*What you should do*.
Please transcribe the listing below in full, exactly as written, leaving out its pictures.

*Available data*.
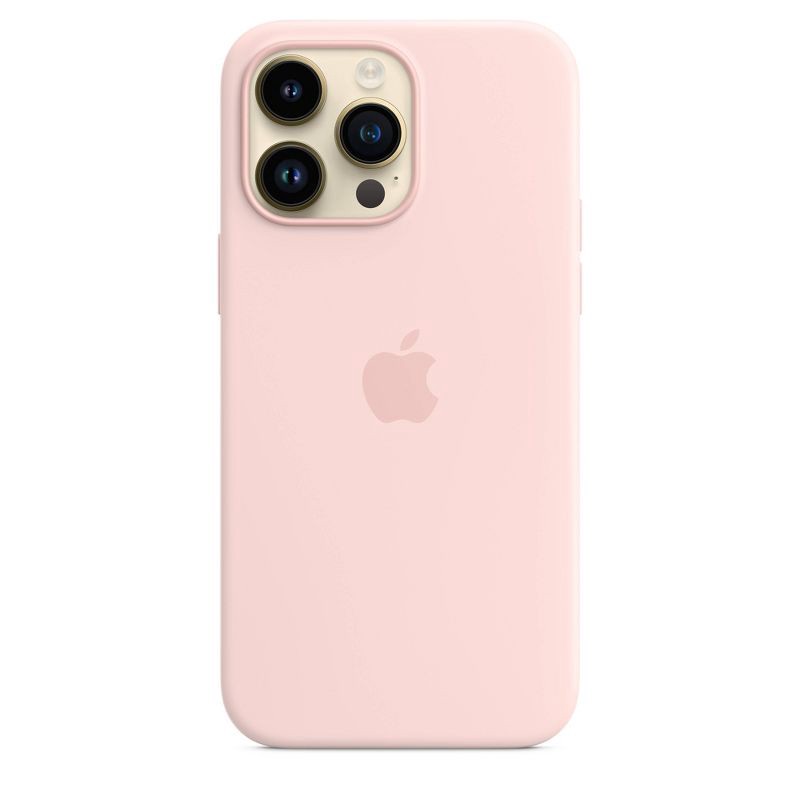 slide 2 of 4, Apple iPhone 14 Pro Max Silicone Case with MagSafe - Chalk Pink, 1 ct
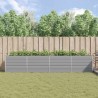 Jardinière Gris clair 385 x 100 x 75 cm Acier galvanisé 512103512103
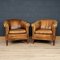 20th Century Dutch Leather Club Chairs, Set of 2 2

*Solution for this task*.
 slide 2 of 4, Apple iPhone 14 Pro Max Silicone Case with MagSafe - Chalk Pink, 1 ct
 Jardinière Gris clair 385 x 100 x 75 cm Acier galvanisé 512103512103
 20th Century Dutch Leather Club Chairs, Set of 2 2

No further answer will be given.